= PROMPT =
Scan the records below for the line containing "Gujarati Varnamala Peg" and the line containing "klokoč zpeřený <i>(Staphylea". Copy both, plus every line between, exactly.

= EXTRACTED MATERIAL =
>>
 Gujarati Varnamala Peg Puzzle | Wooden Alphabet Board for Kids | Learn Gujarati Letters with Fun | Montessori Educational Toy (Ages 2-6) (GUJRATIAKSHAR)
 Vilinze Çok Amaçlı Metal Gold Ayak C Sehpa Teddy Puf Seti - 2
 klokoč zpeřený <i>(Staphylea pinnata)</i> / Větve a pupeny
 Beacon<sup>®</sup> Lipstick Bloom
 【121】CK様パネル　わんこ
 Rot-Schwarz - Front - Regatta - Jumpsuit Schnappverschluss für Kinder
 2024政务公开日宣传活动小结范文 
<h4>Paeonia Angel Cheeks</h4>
<<
>>
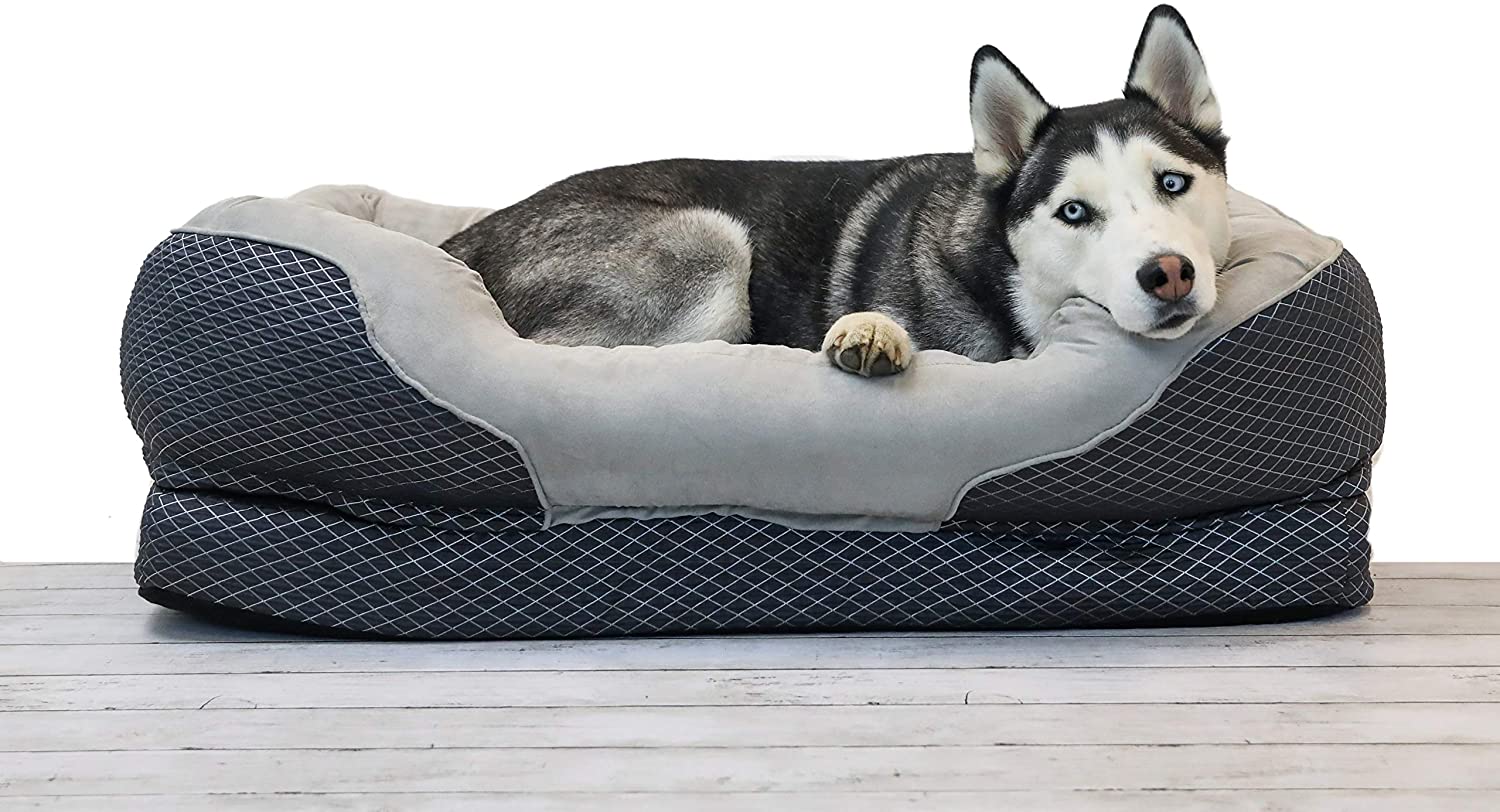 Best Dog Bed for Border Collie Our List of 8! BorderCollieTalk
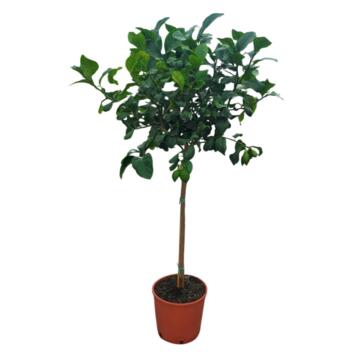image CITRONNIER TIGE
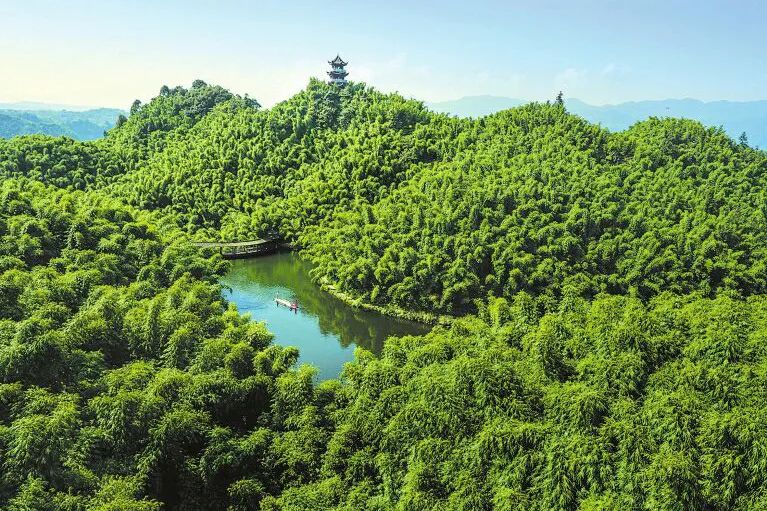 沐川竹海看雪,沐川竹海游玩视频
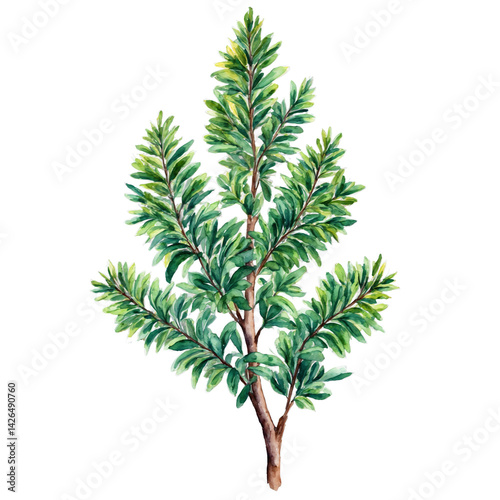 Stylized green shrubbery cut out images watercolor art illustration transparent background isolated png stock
<<
= ANSWER FOR THIS EXERCISE =
 Gujarati Varnamala Peg Puzzle | Wooden Alphabet Board for Kids | Learn Gujarati Letters with Fun | Montessori Educational Toy (Ages 2-6) (GUJRATIAKSHAR)
 Vilinze Çok Amaçlı Metal Gold Ayak C Sehpa Teddy Puf Seti - 2
 klokoč zpeřený <i>(Staphylea pinnata)</i> / Větve a pupeny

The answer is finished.